Here are two cases that look at whether the school district provided reasonable accommodations to remove the barriers and provide access to education.
One is a dismissal decision that allows it to proceed to a hearing in BC. Another is an out of province case that is a hearing decision from Manitoba. Both are important to be aware of as both cases can be used in written submissions.
First case, BC
Child (by Parents) v. Surrey School District No. 36, 2025 BCHRT 85
More important learnings from human rights decisions!!
This is a dismissal application. Parts of their complaint were dismissed but the part that is continuing is the allegation that the school didn’t incorporate professional recommendations into their child’s IEP.
The human rights tribunal is accepting this as a valid complaint, and it is proceeding. This case can be used to enhance your advocacy.
[66] The Child alleges that the School Board lost or did not read many of the reports that were provided to them, and that as a result, the recommendations contained in those reports were not incorporated into their IEPs. Therefore, they say, the Child’s disabilities were not properly accommodated. The Child says that had the IEPs been developed in line with the medical and psychoeducational recommendations contained in the reports provided to the School Board, their Parents would not have had to intervene with private support services in order to keep the Child at grade level. They say that because the recommendations in the reports were not incorporated into the Child’s IEPs, the Parents were required to provide the Child with tutoring, vision therapy, and auditory therapy, along with other interventions.
[68] The School Board admits that certain of the recommendations contained in the psychoeducational assessment and other medical reports were not included in the Child’s IEPs. However, the School Board says that the IEPs developed for the Child “are consistent with the recognized supports for students with a learning disability like dyslexia within British Columbia.” They say that many of the recommendations from the psychoeducational assessment report in particular were specific to programs available in Colorado, not in BC. They say the IEPs that have been developed for the Child were consistent with the Child’s Ministry of Education designation and “the information regarding [the Child’s] learning needs”, including the provision of a learner support teacher as well as modifications implemented by the classroom teacher. They note that the Child’s progress reports indicate that they have progressed “well” and “overall at grade level”.
[72] While the School Board took steps through the IEPs to accommodate the Child, based on the materials before me, I am not persuaded that they are reasonably certain to prove they took all reasonable and practical steps to remove the disability-related barriers faced by the Child. This allegation will proceed.
We already know from X by Y v. Z that it doesn’t matter what their grades are, its whether the school district removed the barriers to access their education equitably
[142] Y has said that the learning support provided throughout X’s education has not been enough for X to “reach the same level as his peers or possibly excel”. The District’s obligation is reasonable not perfect accommodation. As I have said above, reasonable accommodation is not necessarily measured by whether a student is meeting or exceeding certain standardized learning goals but rather by whether barriers have been removed to provide meaningful access to education.

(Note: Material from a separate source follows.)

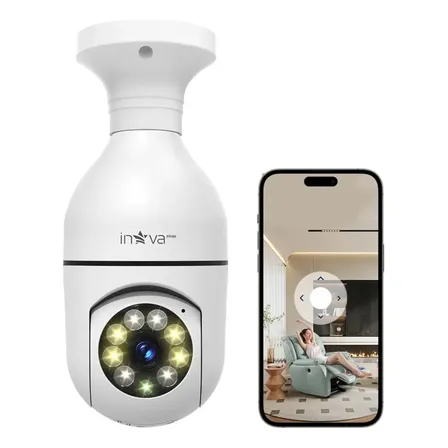 Câmera Lâmpada De Segurança Inova Wifi Ip 360° Full Hd Com Visão Noturna Lâmpada Detecção Movimento Áudio Bidirecional Branco App Icsee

As always, I extend much appreciation and thanks to the parents who are navigating this system and bringing these decisions forward.
Putting the pieces together
Accepted human rights complaints
- If a child is denied an EA
- If professional recommendations are not incorporated into an IEP (The above case)
- If parents are not properly consulted on IEP plans – and TRB complaints uphold this as well
- Family Status – if parents are harmed during the process. Schools do have a service to the parents. Must file within one year.
Second case, Manitoba
This parent lost her human rights complaint and filed a judicial review. She lost that as well and has had to pay costs. Paying costs is not something that you risk when filing a human rights complaint, but something you do risk when you file a judicial review. This is thousands of dollars, possibly $20,000 in BC. (Please consult with a lawyer if you are filing a judicial review.)
Wells v. Manitoba (Human Rights Commission) et al., 2025 MBKB 86
[1] Maxine Wells (Ms. Wells or the applicant) is a tireless advocate for her son who had learning disability challenges as a student in the Border Land School Division (the Division). Ms. Wells was in regular contact with his teachers, school administration and Division personnel[1] regarding his learning challenges and how they should be addressed. Often, there were disagreements about his needs and how they should be addressed. Several times, Ms. Wells retained independent specialists to assess her son’s learning disabilities and provide recommendations on how to accommodate those learning disabilities in the school setting. Ms. Wells says that the Division was often dismissive of the recommendations of these specialists. This became increasingly frustrating for her as she wanted to ensure her son had the best possible outcome in an education framework that did not, from her perspective, appear to be giving him the opportunity to succeed. She says that ultimately, her son did not achieve the level of learning he could have had the Division followed the recommendations of the specialists as she urged them to do.
[8] The thrust of Ms. Wells’ application is that she disagrees with the Division’s assessments of her son’s needs and the accommodation measures implemented which, in her opinion, were often not aligned with those of outside clinicians. More specifically, she submitted that:
- the Division did not accept assessments provided by experts;
(etc.)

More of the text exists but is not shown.